Action item
Exact duplicates of the lines from the top of the data through the line containing "20 Years of" are needed, with every picture left out.

(Beginning of Task input)

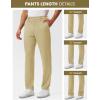 image:imageTBMPOY Mens Golf Pants Stretch Work Dress Pant 303234 Quick Dry Lightweight Casual Travel Trousers with 4 PocketsKhaki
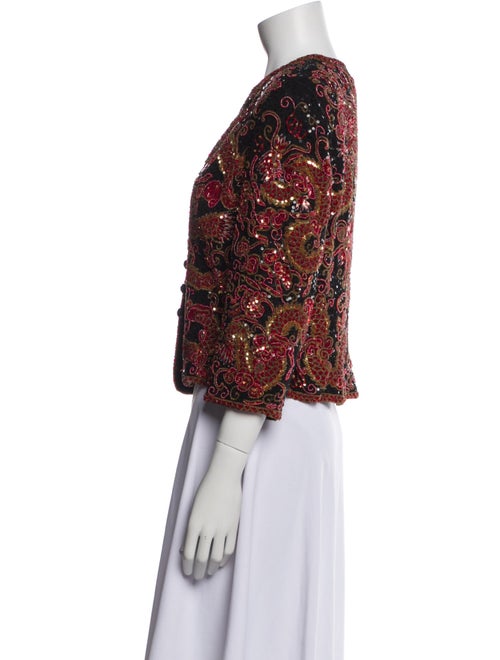 Escada Silk Printed Evening Jacket
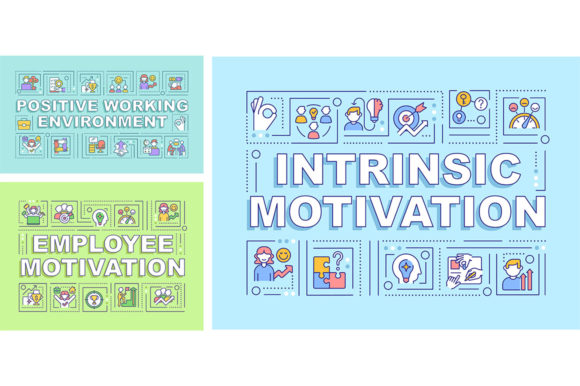 Employee Motivation Word Concepts Banner: Graphics for Creative Publishing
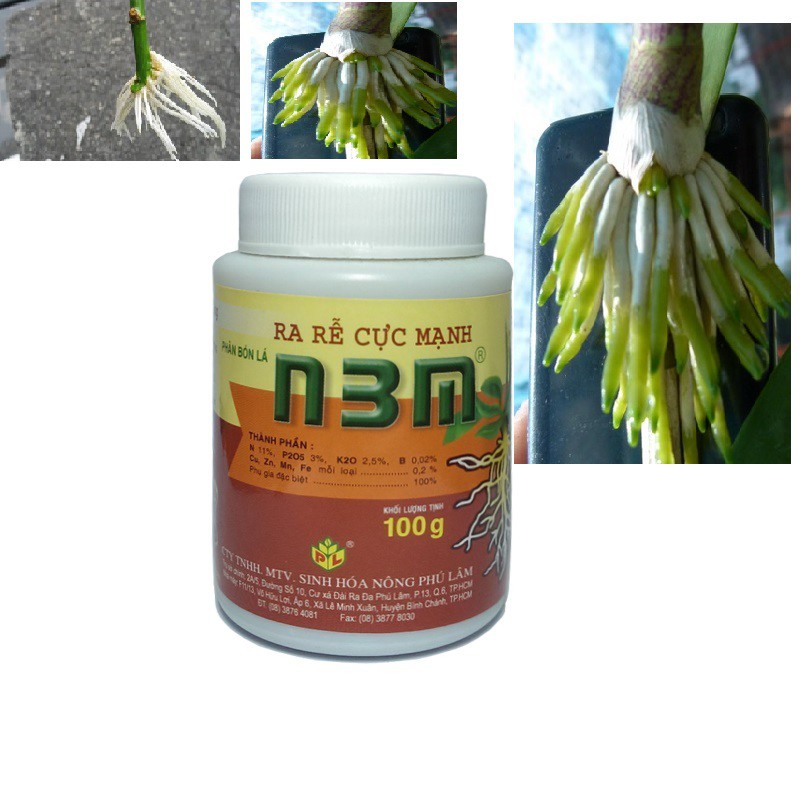 Siêu kích rễ cây n3m - chai 100gr - kích rễ cực mạnh - hòa tan hoàn toàn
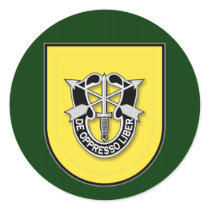 1st SFG-A 1 Round Stickers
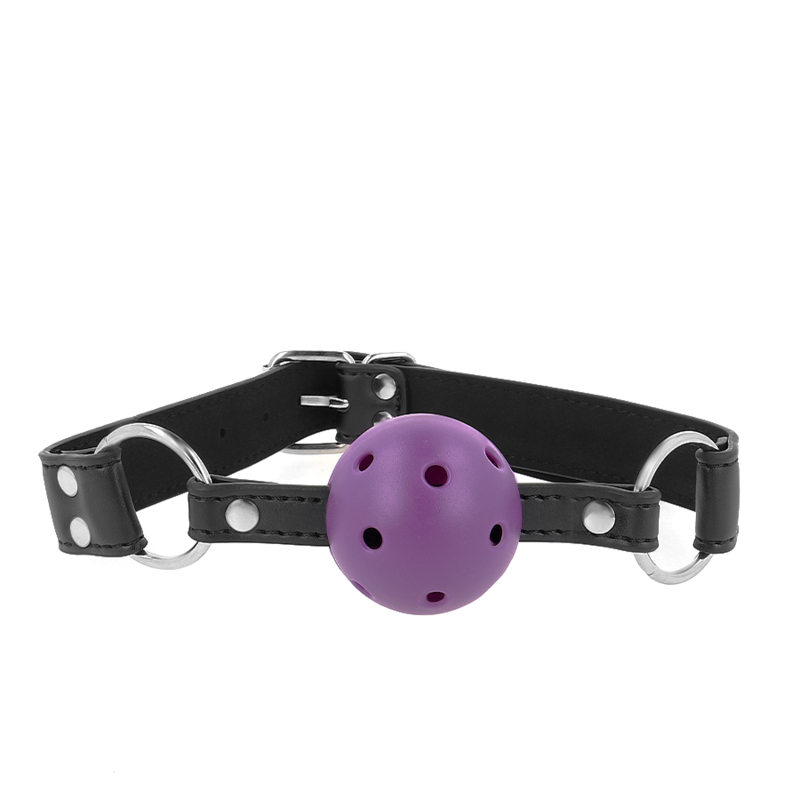 KINK - PRODYŠNÝ RUBÍK 4 CM S DVOJITÝM NÝTEM FIALOVÝ 62,5 x 2,5 CM NASTAVITELNÝ 42-58 CM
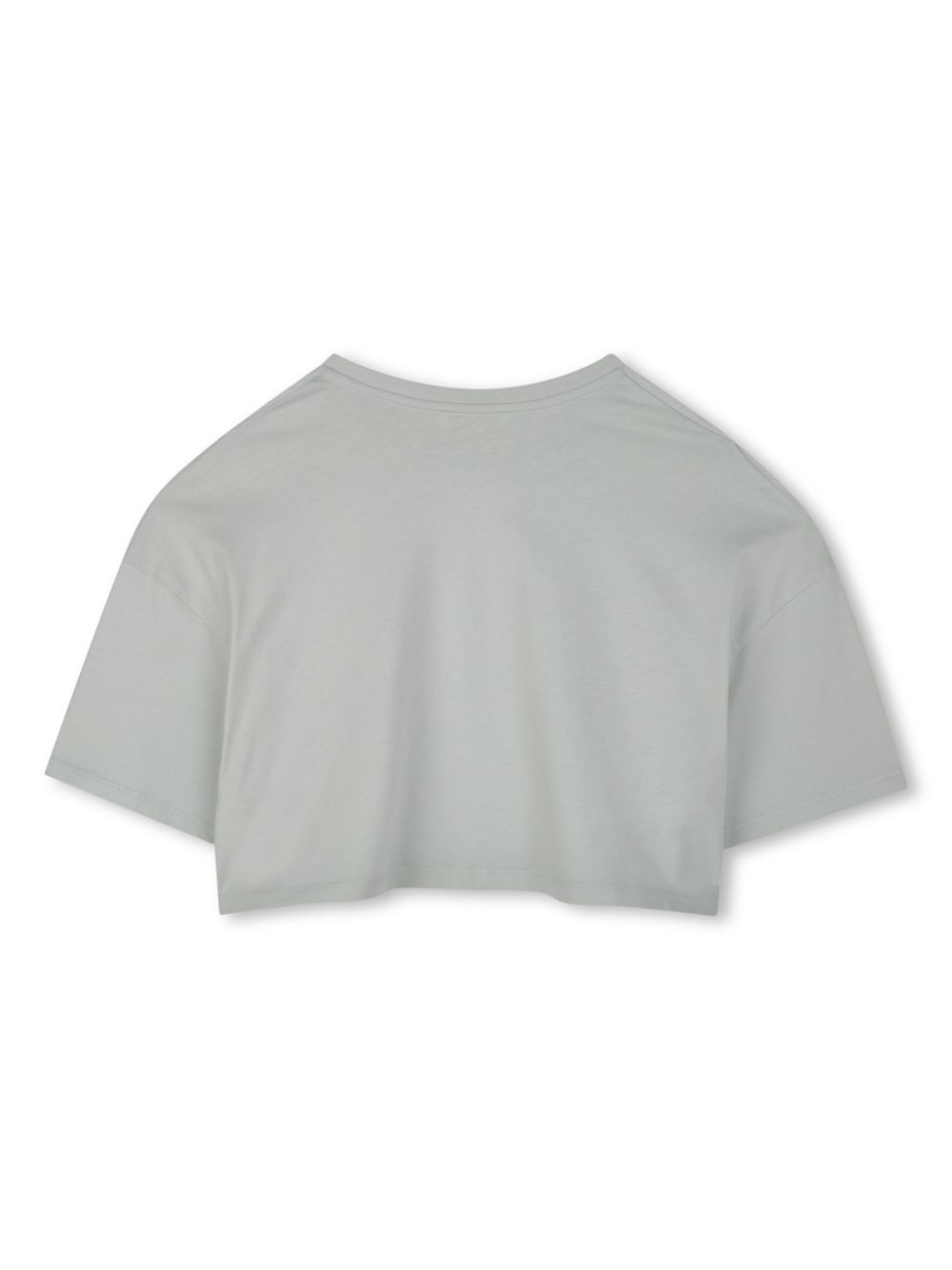 Chloé Kids Cropped T-shirt met logoprint - Groen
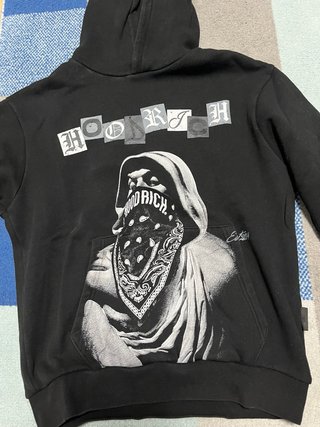 Sudadera con capucha Hoodrich negra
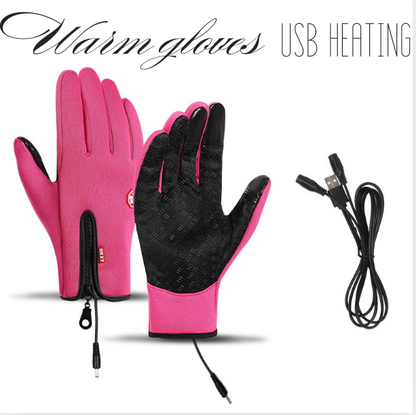 VL™ Outdoor Heated Gloves Windproof and Waterproof with Plus Velvet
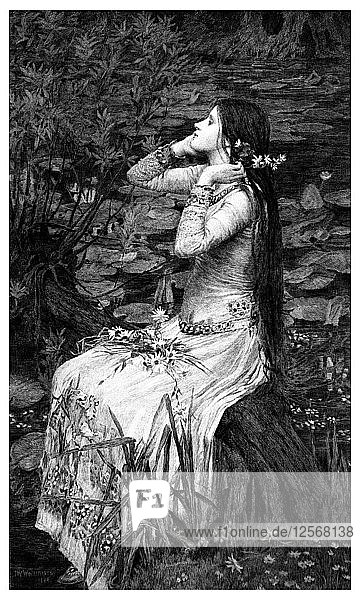 Ophelia  1895.Künstler: James Dobie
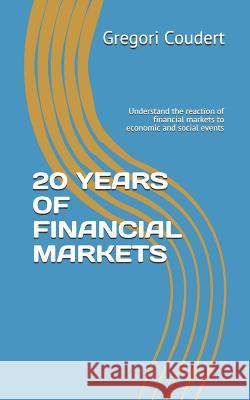 20 Years of Financial Markets: Understand the reaction of financial markets to economic and social events Gregori Coudert 9781071397701 Independently Published - książka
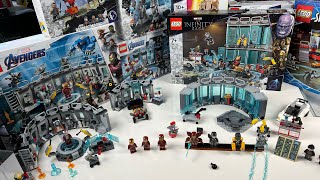 Lego Marvel 76216 Iron Man Armoury inceleme [upl. by Ahsilad]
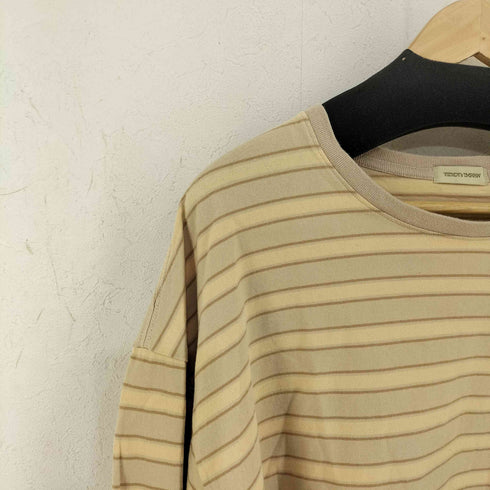 イエスタデイズトゥモロー YSTRDYs TMRRW BAGGY TEE LS COTTON BORDER ボーダー長袖カットソー メンズ JPN:L
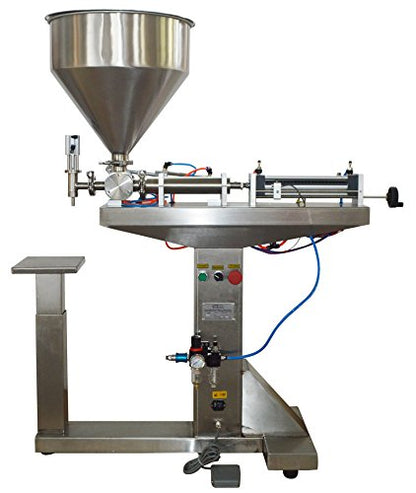 INTBUYING Automatic Paste Liquid Filling Machine for Shampoo Oil Water Perfume 30-300ml One Nozzle with Stand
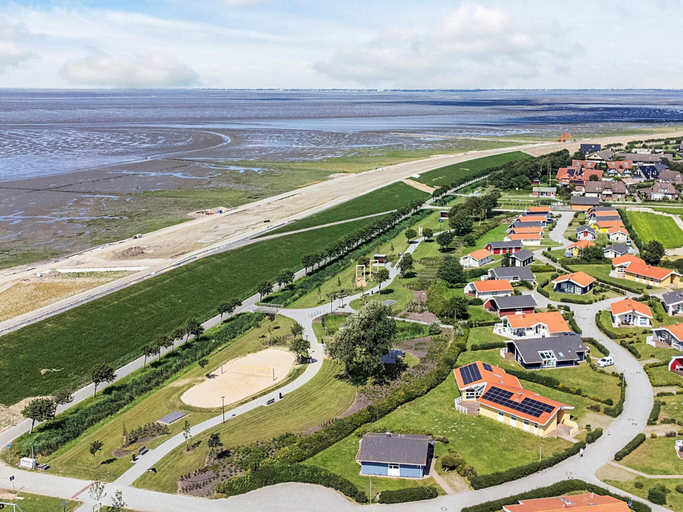 Aerial view 3, 4 Star Holiday Home in Friedrichkoog, Dithmarschen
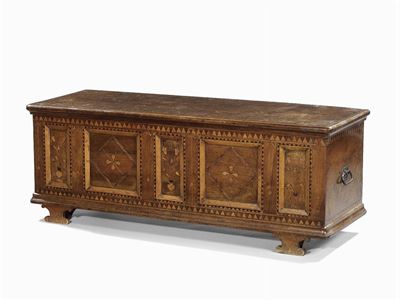 Cassapanca in Legno di Noce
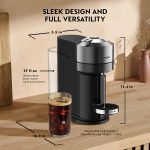 Nespresso Vertuo Next Deluxe Coffee and Espresso Maker, Pure Chrome with Aeroccino Milk Frother,1.1 liter, Black,Dark Chrome - Image 4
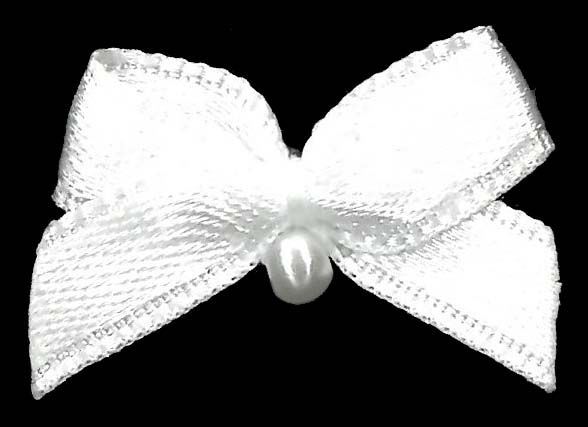 MINI PEARL BOW - IVORY (SOLD SINGULARLY)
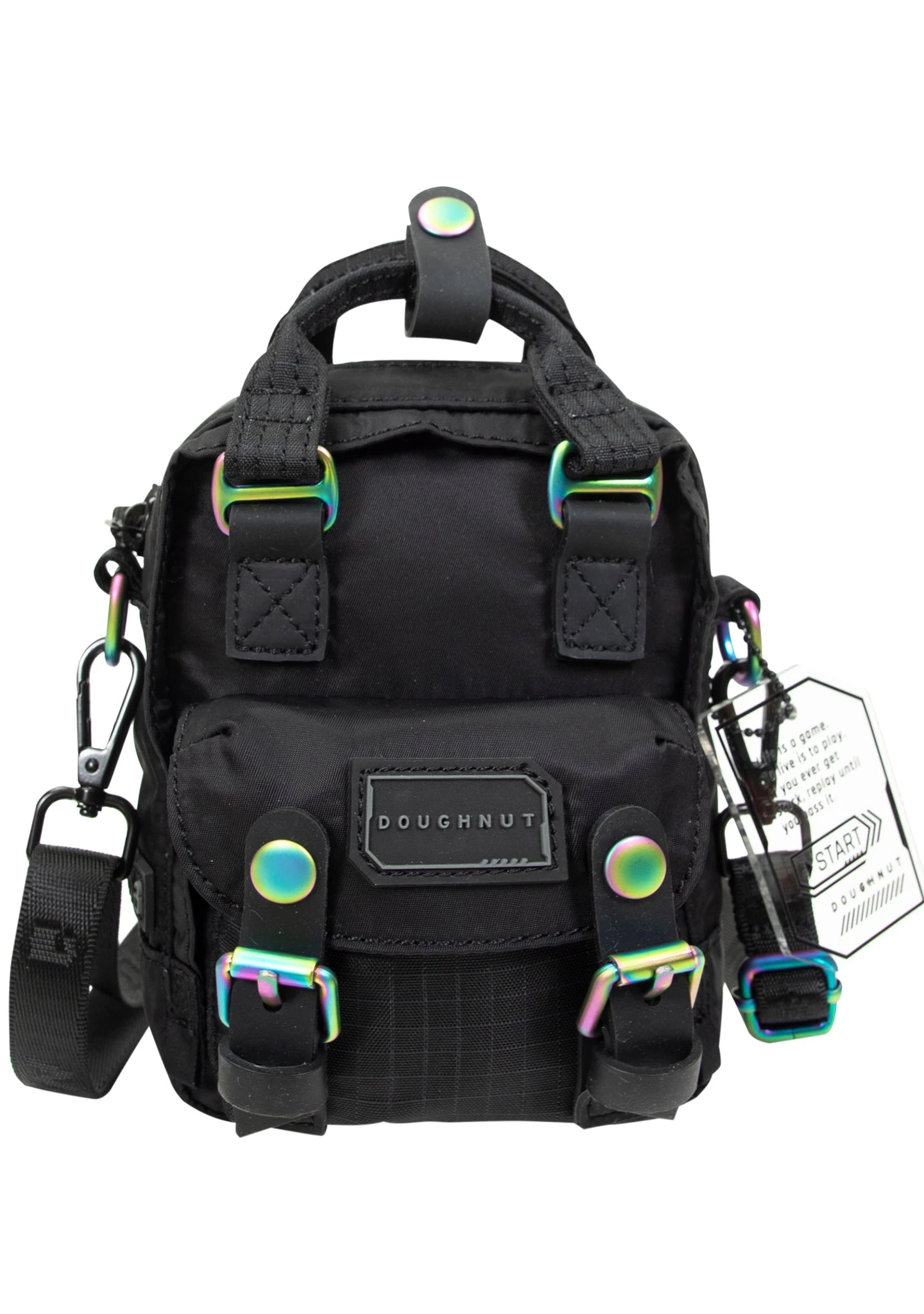 Gamescape Series Macaroon Tiny Crossbody Bag In Black 4 Gamescape Series Macaroon Tiny Crossbody Bag In Black - Image 2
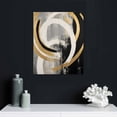 thumbnail image 4 of JEUXUS Black and White Abstract Canvas Wall Art Gold Leaf Wall Decor for Bedroom Grey and Black Abstract Picture Textured Hand-painted for Living Room Office Bathroom Black Art Painting Set, 4 of 4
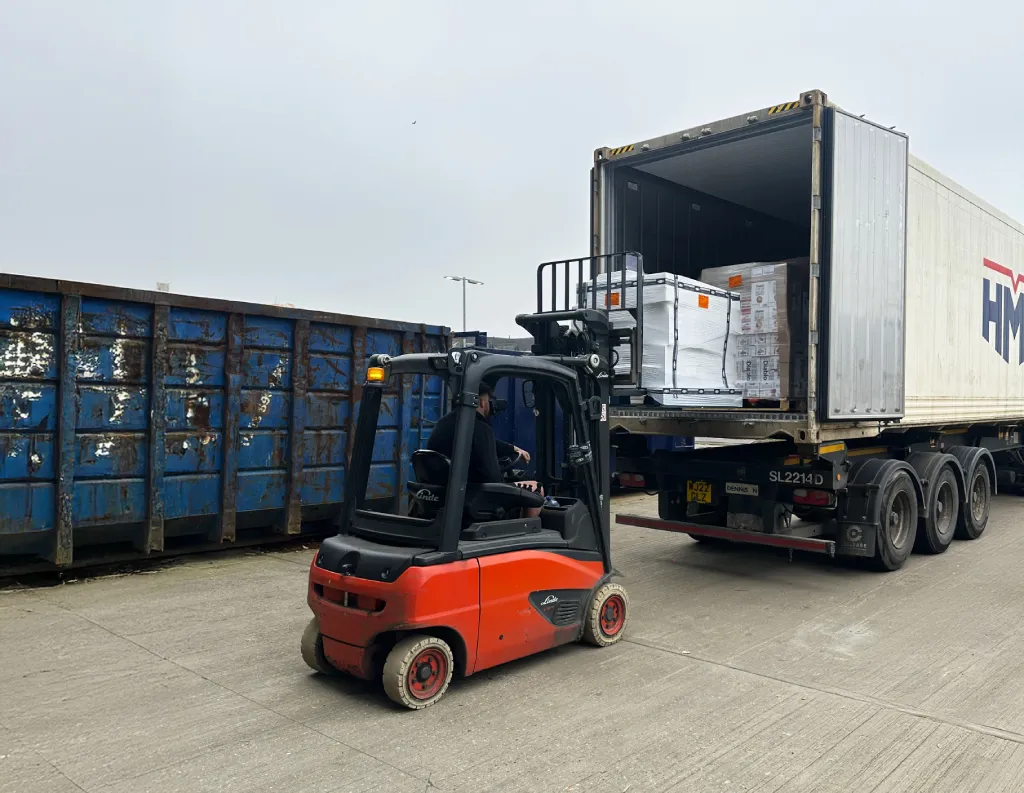 Overland freight and road logistics services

(End of Task input)

Answer to this problem
 image:imageTBMPOY Mens Golf Pants Stretch Work Dress Pant 303234 Quick Dry Lightweight Casual Travel Trousers with 4 PocketsKhaki
 Escada Silk Printed Evening Jacket
 Employee Motivation Word Concepts Banner: Graphics for Creative Publishing
 Siêu kích rễ cây n3m - chai 100gr - kích rễ cực mạnh - hòa tan hoàn toàn
 1st SFG-A 1 Round Stickers
 KINK - PRODYŠNÝ RUBÍK 4 CM S DVOJITÝM NÝTEM FIALOVÝ 62,5 x 2,5 CM NASTAVITELNÝ 42-58 CM
 Chloé Kids Cropped T-shirt met logoprint - Groen
 Sudadera con capucha Hoodrich negra
 VL™ Outdoor Heated Gloves Windproof and Waterproof with Plus Velvet
 Ophelia  1895.Künstler: James Dobie
 20 Years of Financial Markets: Understand the reaction of financial markets to economic and social events Gregori Coudert 9781071397701 Independently Published - książka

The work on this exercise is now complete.